__What to produce__:
If pictures appear, leave them out, and return exactly the lines from the one holding "Notes: The amplitude" through the last line of the listing below.

**** Records for the exercise

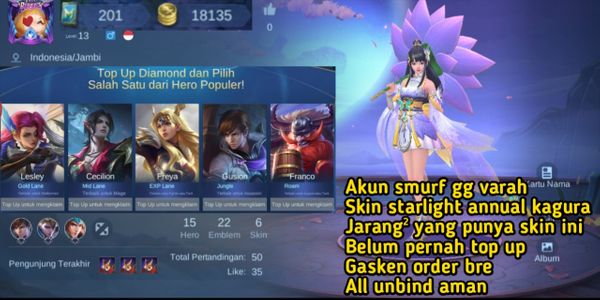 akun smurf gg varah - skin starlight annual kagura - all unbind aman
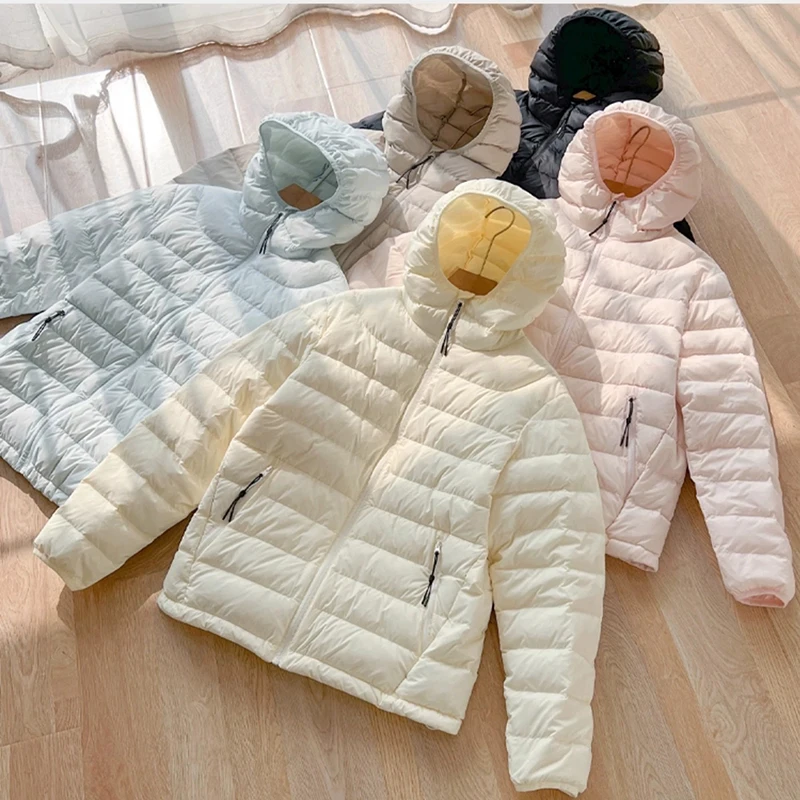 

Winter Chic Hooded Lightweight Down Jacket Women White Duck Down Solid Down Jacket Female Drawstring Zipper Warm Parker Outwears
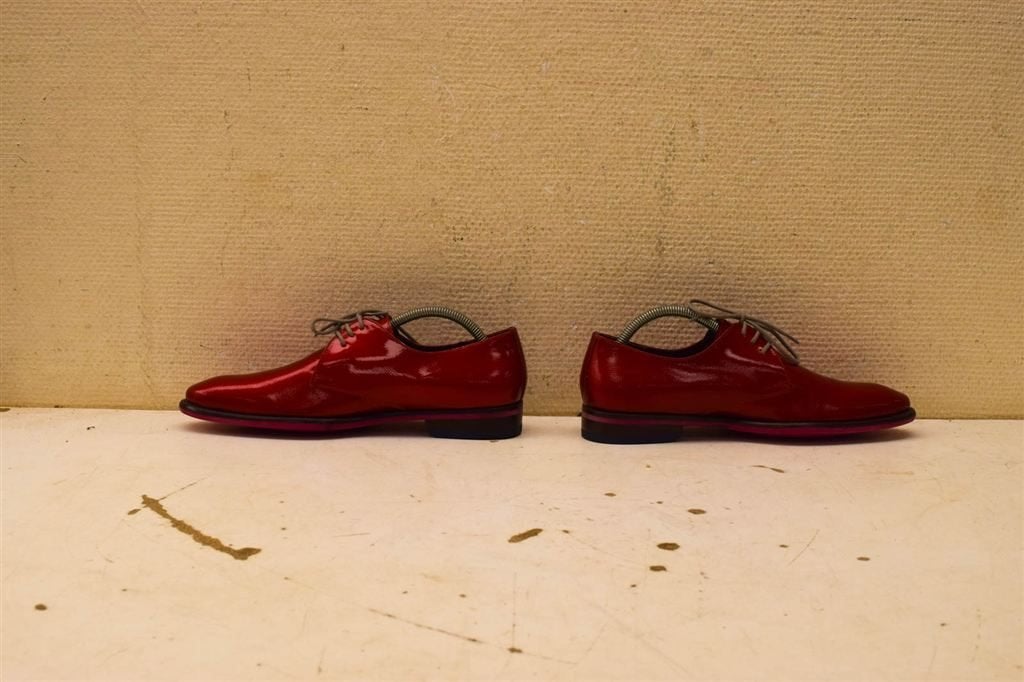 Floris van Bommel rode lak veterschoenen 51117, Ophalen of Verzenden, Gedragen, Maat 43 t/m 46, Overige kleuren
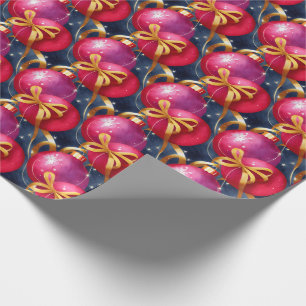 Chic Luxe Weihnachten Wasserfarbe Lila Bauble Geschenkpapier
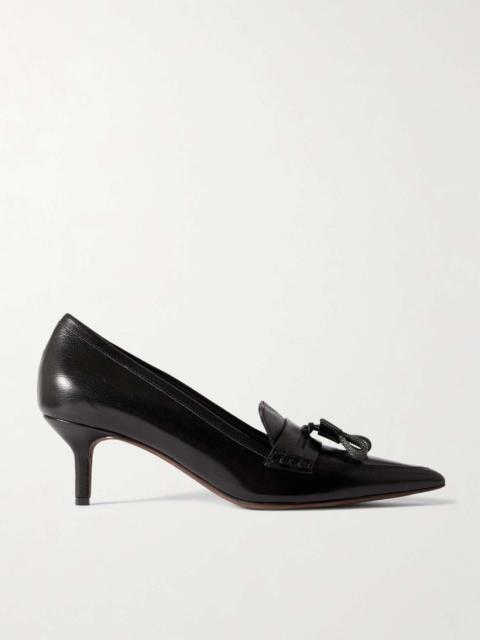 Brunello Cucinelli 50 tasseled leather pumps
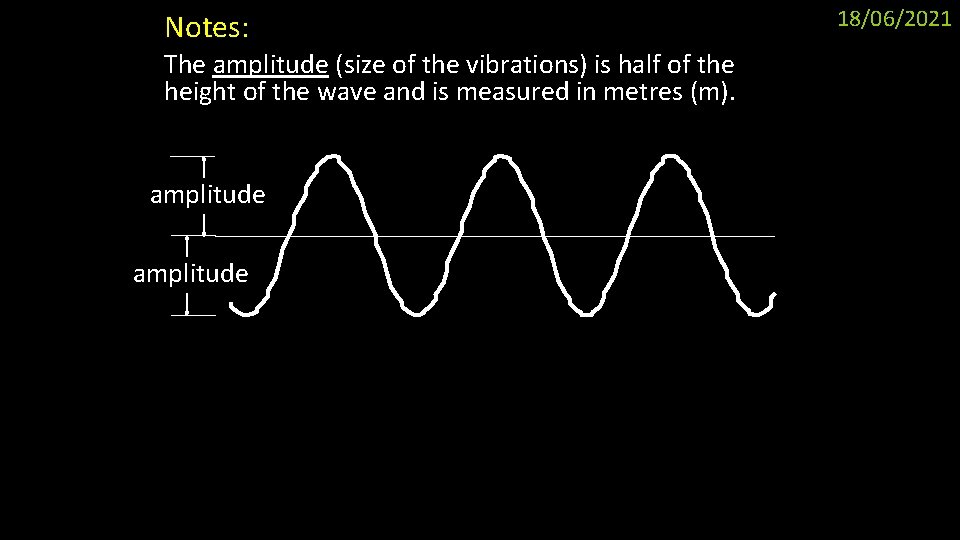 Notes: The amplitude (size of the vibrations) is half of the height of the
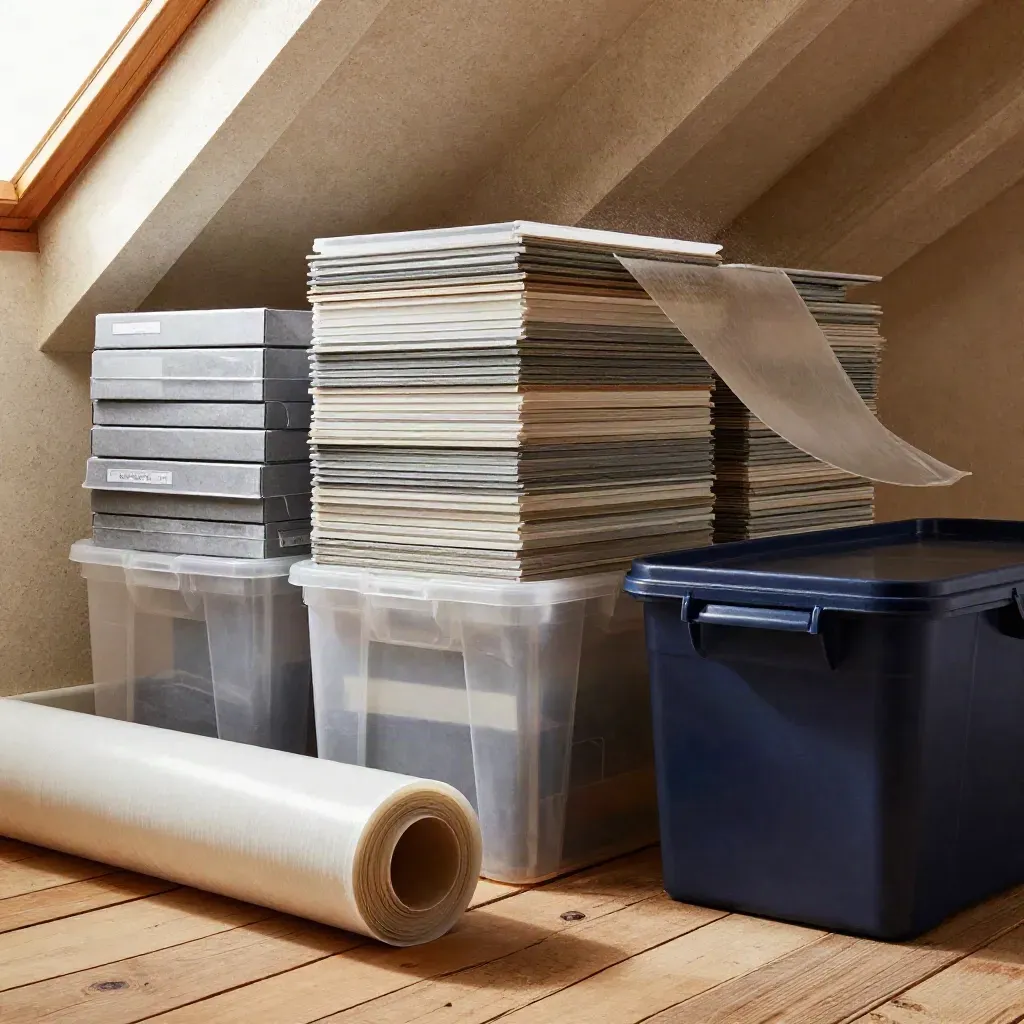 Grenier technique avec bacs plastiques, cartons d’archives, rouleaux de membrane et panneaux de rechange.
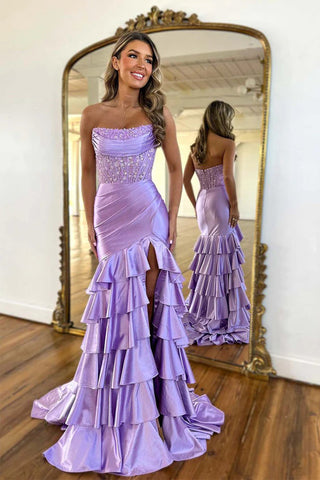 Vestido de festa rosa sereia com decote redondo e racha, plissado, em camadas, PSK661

********

__Response area__:
 Notes: The amplitude (size of the vibrations) is half of the height of the
 Grenier technique avec bacs plastiques, cartons d’archives, rouleaux de membrane et panneaux de rechange.
 Vestido de festa rosa sereia com decote redondo e racha, plissado, em camadas, PSK661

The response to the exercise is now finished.